11. ABNORMAL CONDITION DETECTION. You acknowledge that the Service, in conjunction with Devices, is designed to detect Alert Conditions but may (a) not detect all abnormal conditions, and (b) be activated even if no abnormal condition exists. You acknowledge that the Service may falsely report Alert Conditions in the event of children and/or pets running, falling or jumping on the ground. You additionally acknowledge that in the event that the Service detects multiple persons (including any children or pets) in a room and an abnormal condition, the Service will not issue any notification of the Alert Condition. TLS shall have no liability in connection with any Alert Condition, whether the Service fails to detect such condition or if an Alert condition is identified by the TLS platform when no abnormal condition exists. You should not rely exclusively on the Service but should also use a telephone to dial 911 or any other emergency number for assistance. You further acknowledge and agrees that the Devices and the Service together or separately, are not a signal denoting any medical emergency, requiring TLS to contact or dispatch any medical, hospital, ambulance, or other like entity, person or service. You agree that it is your sole responsibility to: (a) prepare for any medical emergency, and (b) contact or dispatch, and/or make other arrangements to contact or dispatch, medical assistance if and when necessary, by means other than through the Service.

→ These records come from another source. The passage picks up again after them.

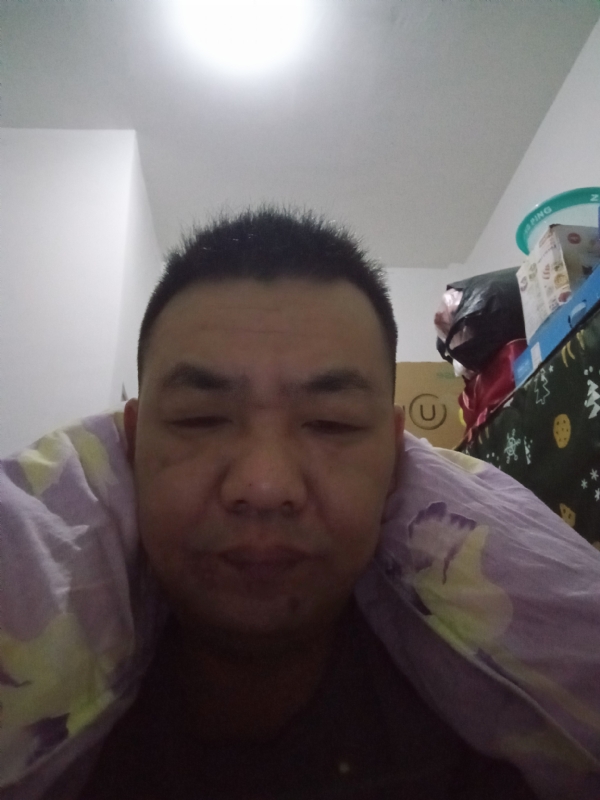 寂寞丑小鸭的第三张照片--厦门相亲服务中心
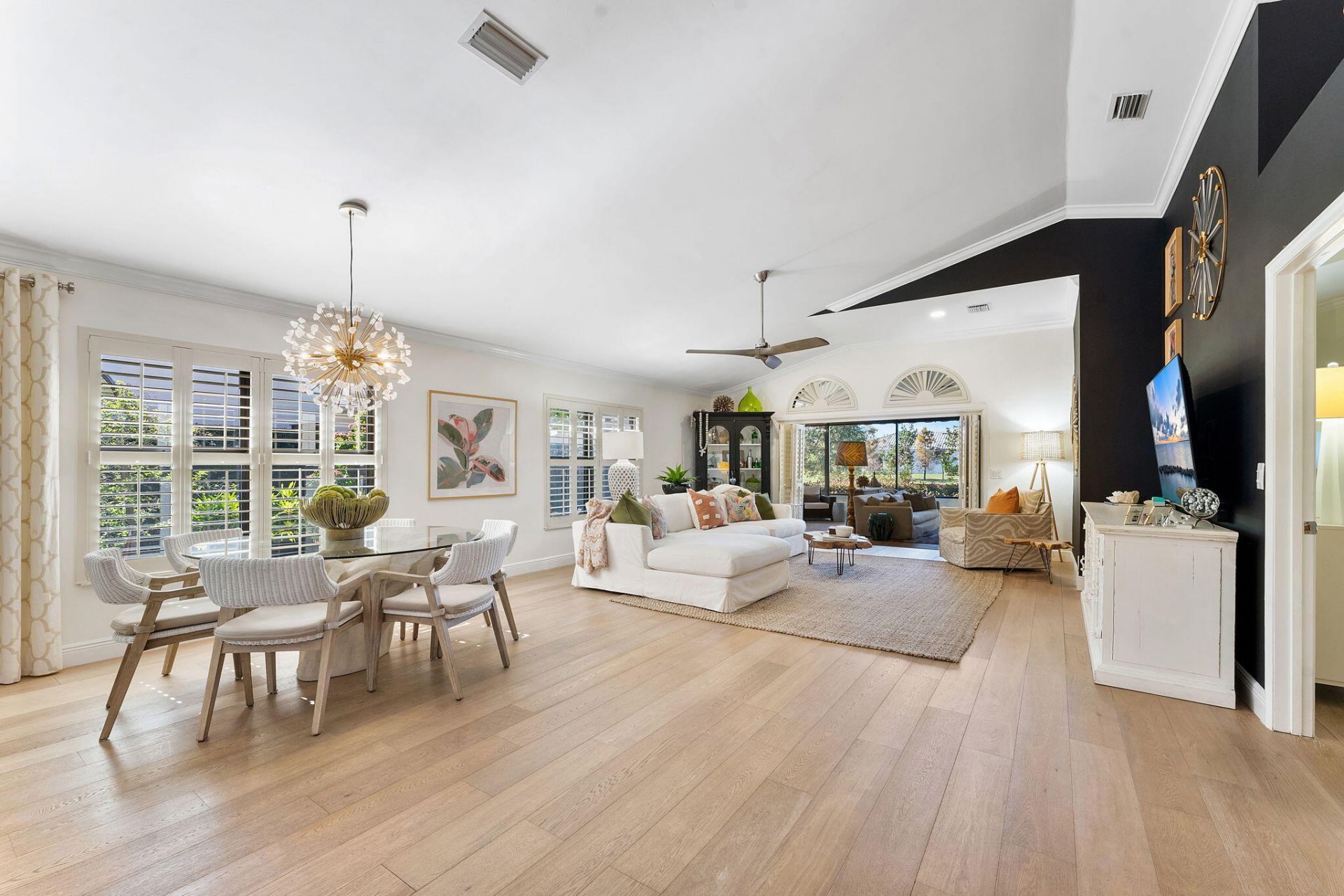 380 Sherwood Forest Drive, Delray Beach, FL 33445 Photo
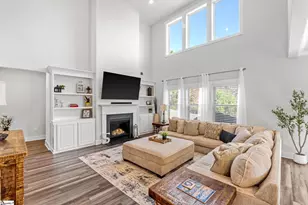 901 Whitemarsh Ave, Simpsonville, SC 29680 - Photo 11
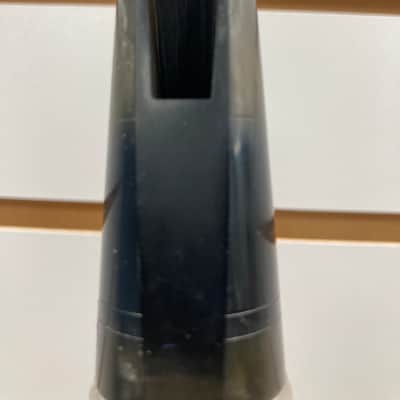 Buffet Crampon E11 Bb Clarinet image 9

12. SERVICE LIMITATIONS. You acknowledge and agree that we do not represent or warrant that the Service will prevent death, bodily or personal injury or damage to patients or residents of your facility, or any other persons who may use the Service. We make no representation of warranty as to the accuracy of the Service’s detection of Alert Conditions or the promptness of notices sent to End Users, and we have no control over the response time or capability of any End Users who may be notified as a result of notifications generated by the Service. You further understand that the Service or any Devices service may fail to function properly. You understand that this is not a security system, or a fire warning system and the police or fire department will not be notified in the event an appropriate Alert Condition is detected by the Service. YOU UNDERSTAND THAT TLS WILL NOT SEND ANY PERSONNEL TO YOUR FACILITY IN RESPONSE TO ANY ALERT CONDITION. WE DO NOT PROVIDE MEDICAL SERVICES. NOT ALL FUNCTIONALITY OF THE SERVICE, INCLUDING THE ABILITY TO DETECT ALARM CONDITIONS OR SEND MESSAGE TO END USERS, IS AVAILABLE AT ALL TIMES, PARTICULARLY WHEN YOUR CONNECTIVITY CANNOT OR DOES NOT PROVIDE AN ADEQUATE SIGNAL OR SERVICE, YOUR SERVICE APP IS NOT RUNNING OR IS NOT ACTIVE OR ACTIVATED OR YOUR DEVICES IS OR ARE NOT ACTIVE OR ACTIVATED.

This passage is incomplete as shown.